Were it expedient to enter here into further details, or upon a longer description of the natives of Australia, I might quote largely from Captain Cook’s account of those he saw at Adventure Bay, Van Diemen’s Land, as being more detailed and descriptive, both of the natives in the interior, and of those also around the whole circumference of Australia, than any I could give. In the descriptions by Dampier and other navigators who have touched on any part of these shores we recognise the same natives with all their characteristics, and are led to conclude that they are derived from the same stock and, as the judicious compiler of the first History of New Holland considered it most probable from this and other circumstances “that the number is small, and that the interior parts of the country are inhabited,"* I may observe that I have had no reason to entertain a contrary opinion from what I saw of the interior country beyond the Darling. The native population is very thinly spread over the regions I have explored, amounting to nearly a seventh part of Australia. I cannot estimate the number at more than 6000; but on the contrary I believe it to be considerably less. They may increase rapidly if wild cattle become numerous; and as an instance I may refer to the number and good appearance of the Cudjallagong tribe near Macquarie range where they occasionally fell in with a herd of wild cattle.
(Footnote. History of New Holland pages 31 and 232.)
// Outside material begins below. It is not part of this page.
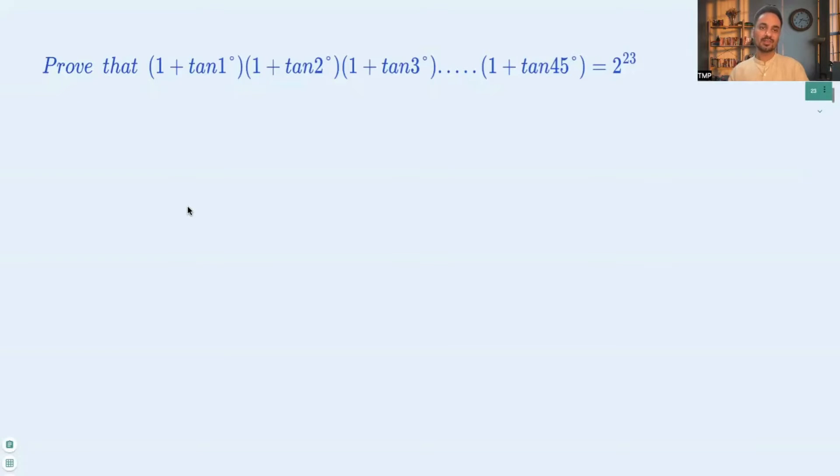Hi everyone! Today we are discussing a trigonometric question, and the question is: prove that (1 + tan 1°)(1 + tan 2°) and so on up to (1 + tan 45°) is equal to 2 raised to the power 23.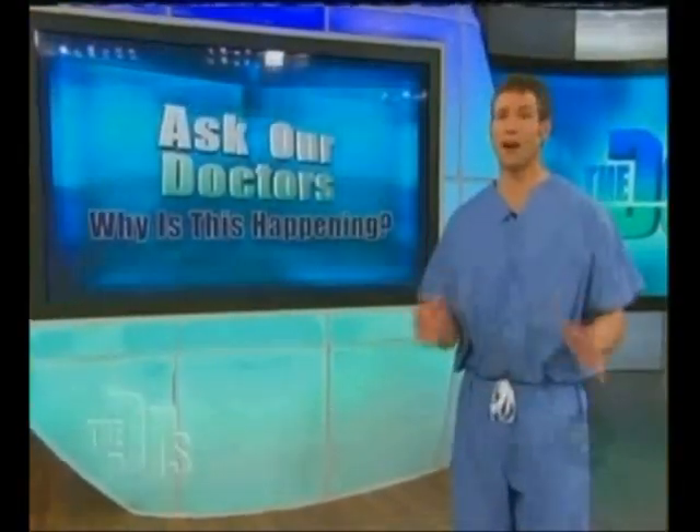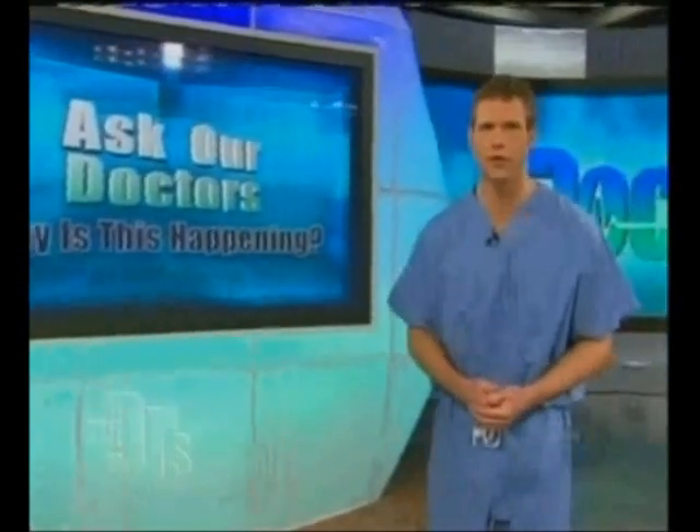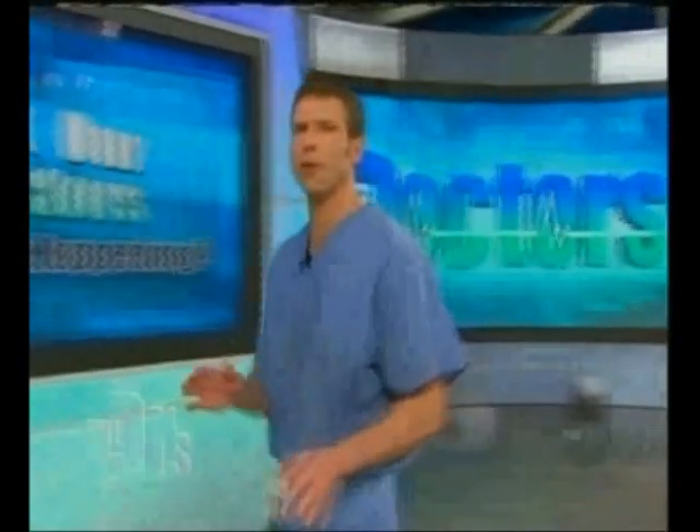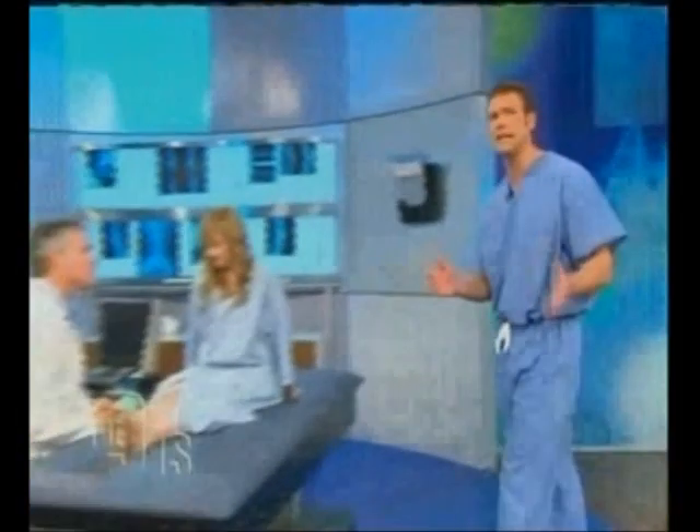Dead limb, or sleeping limb as it's often called, is very common. It's usually not a sign of something serious, just a result of a sleep position compressing a nerve. But I wanted to show Amanda why and how this can happen, so I invited Dr. Peter Grant to help us out and run what is called an EMG test.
DESTRUCTION OF THE KANGAROO.
The kangaroo disappears from cattle runs, and is also killed by stockmen merely for the sake of the skin; but no mercy is shown to the natives who may help themselves to a bullock or a sheep. Such a state of things must infallibly lead to the extirpation of the aboriginal natives, as in Van Diemen’s Land, unless timely measures are taken for their civilisation and protection. I have heard some affecting allusions made by natives to the white men’s killing the kangaroo. At present almost every stockman has several strong kangaroo dogs; now it would be only an act of justice towards the aborigines to prohibit white men by law from killing these creatures which are as essential to the natives as cattle are to the Europeans. The prohibition would be at least a proof of the disposition of the strangers to act as humanely as they possibly could towards the natives. If wild cattle on the contrary become numerous the natives also might increase in number and, if not civilised and instructed now, might become formidable and implacable enemies then, as no absolute right to kill even wild cattle would be conceded to them. The evils likely to result from such circumstances were apparent both in the commencement and termination of my first journey; but although the desert character of the interior renders such a state of things less likely to happen, at least on a larger scale, the unfortunate race whom we have found on the shores of Australia are not the less entitled to our protection.